▼
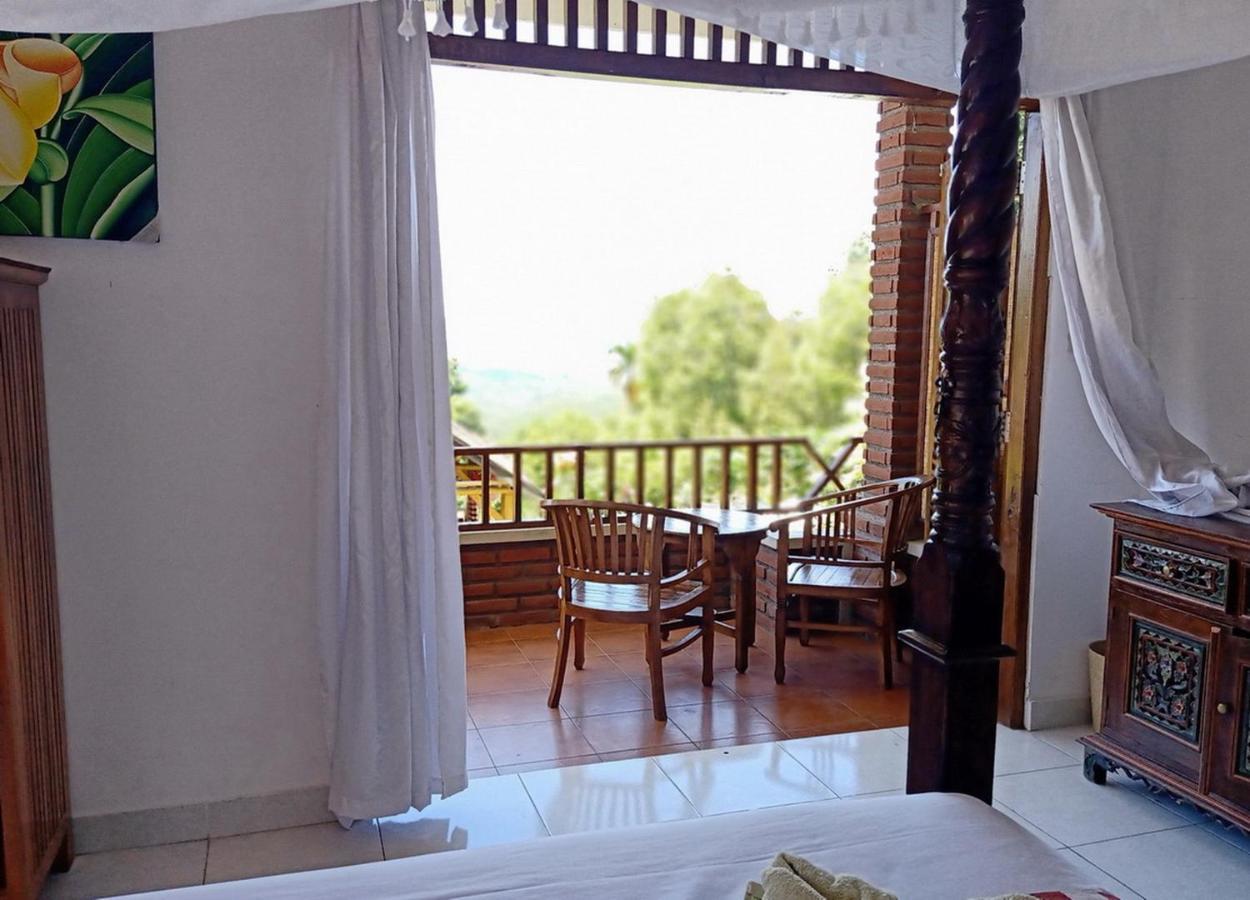 Guest house Karang Sari & Restaurant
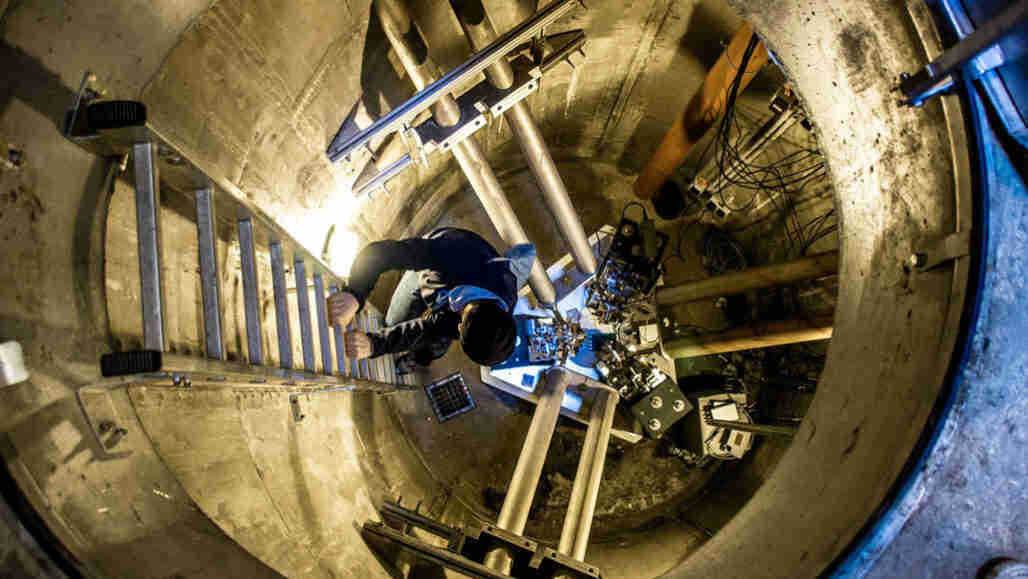 德国巨型地下运动传感器跟踪地球的摆动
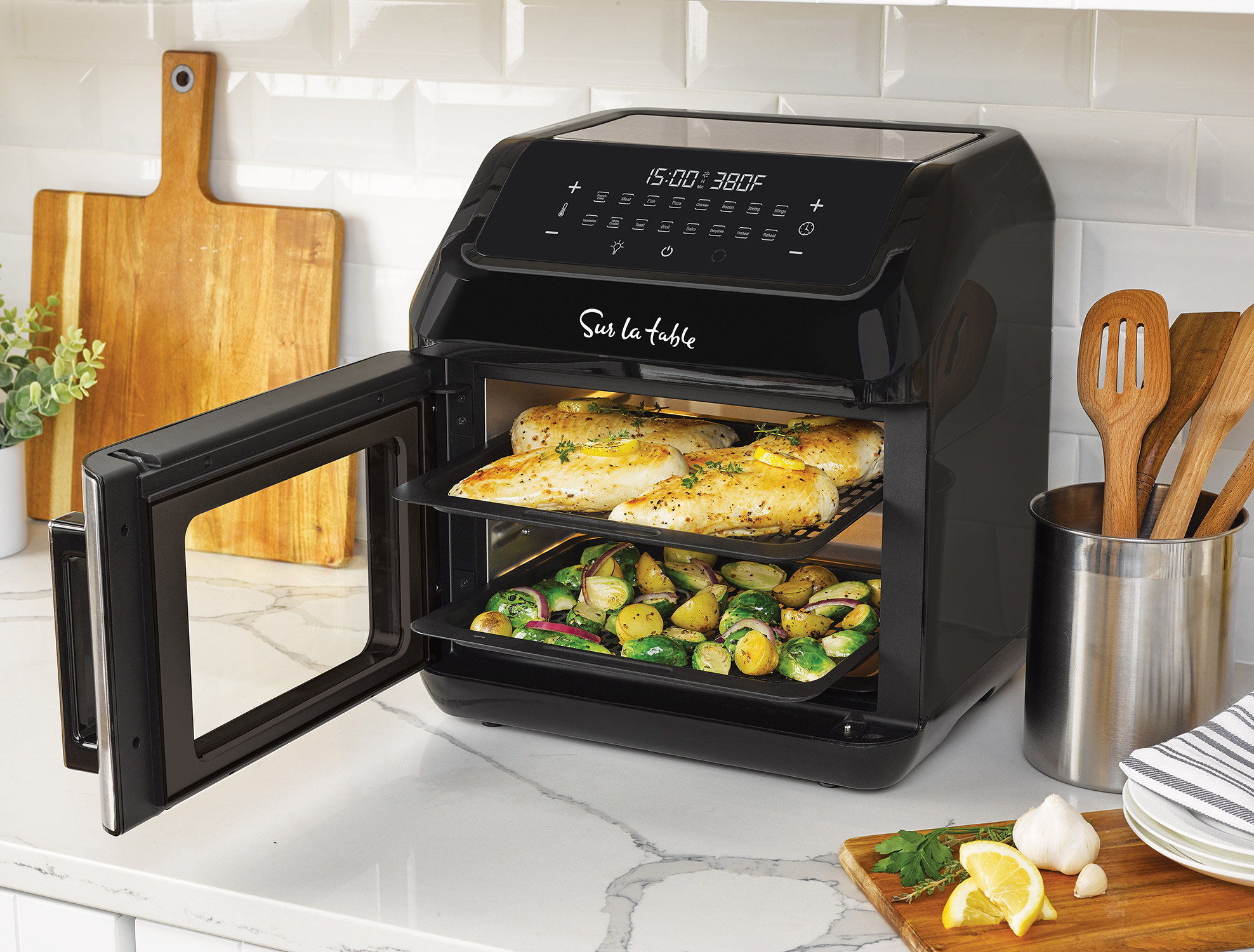 Sur La Table Kitchen Essentials 22l Air Fryer Toaster Oven - Black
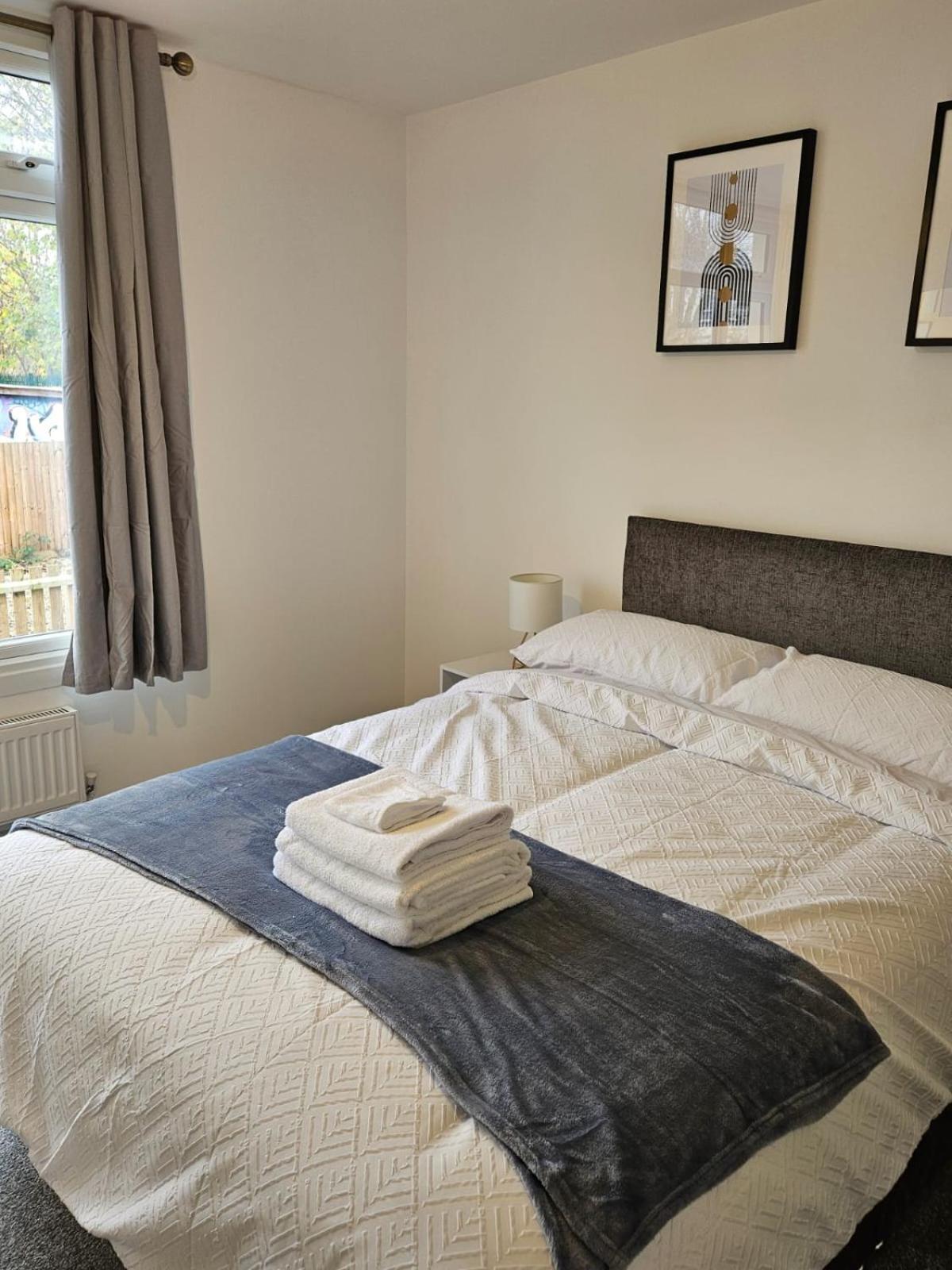 Quiet Hideout Apartamento Southend-on-Sea Exterior foto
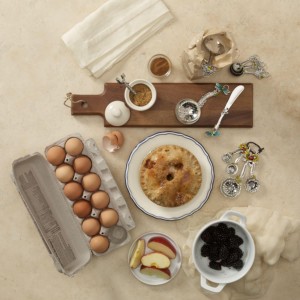 Ganz 4-Piece Measuring Spoon Set with Color, Ladybugs Silver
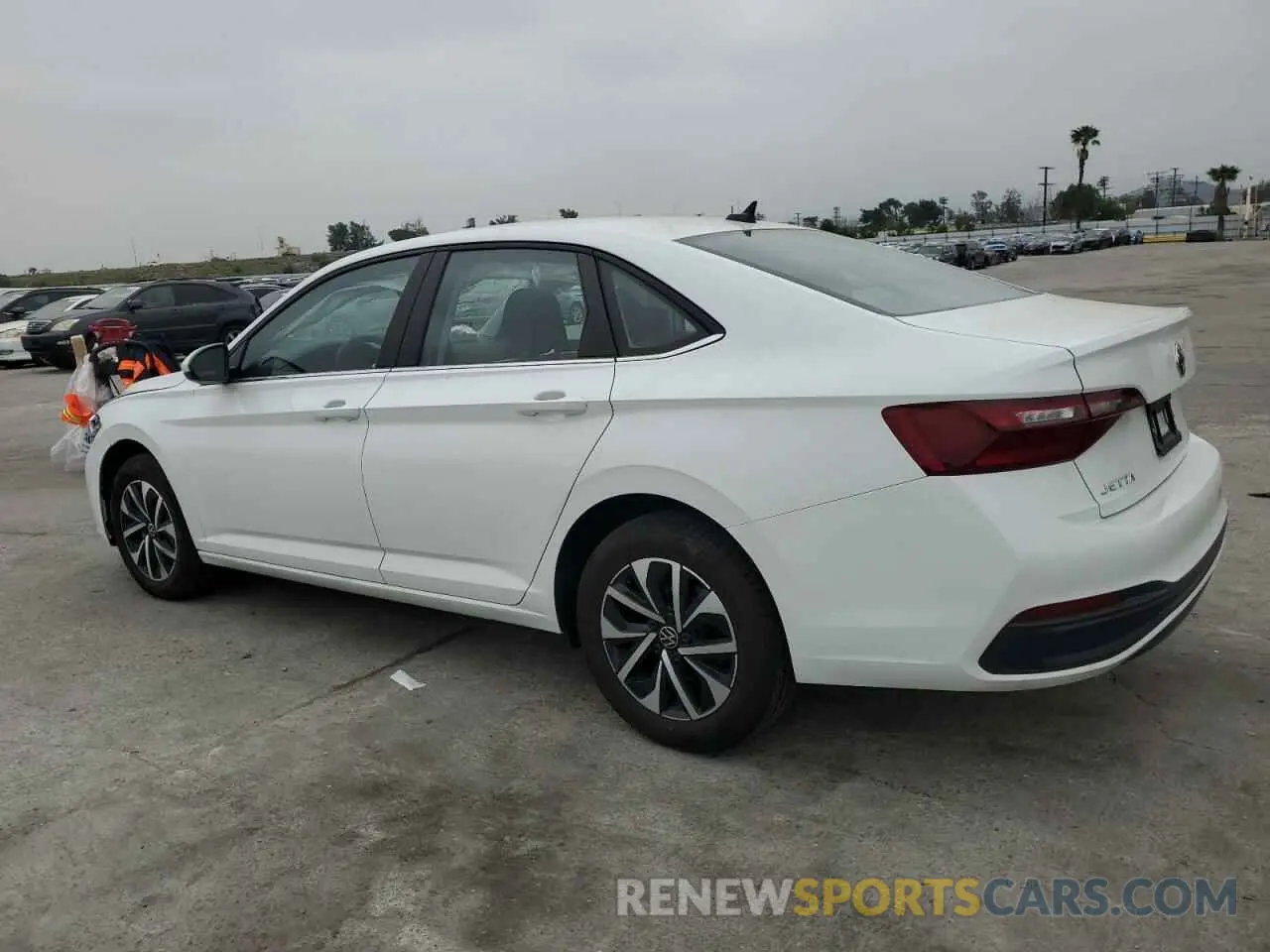2 fotografías del automóvil dañado 3VW5M7BU5RM100122 VOLKSWAGEN JETTA 2024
▲
→ Problem
Everything in the listing above is to be given again exactly, apart from the pictures.

→ Response area
 Guest house Karang Sari & Restaurant
 德国巨型地下运动传感器跟踪地球的摆动
 Sur La Table Kitchen Essentials 22l Air Fryer Toaster Oven - Black
 Quiet Hideout Apartamento Southend-on-Sea Exterior foto
 Ganz 4-Piece Measuring Spoon Set with Color, Ladybugs Silver
2 fotografías del automóvil dañado 3VW5M7BU5RM100122 VOLKSWAGEN JETTA 2024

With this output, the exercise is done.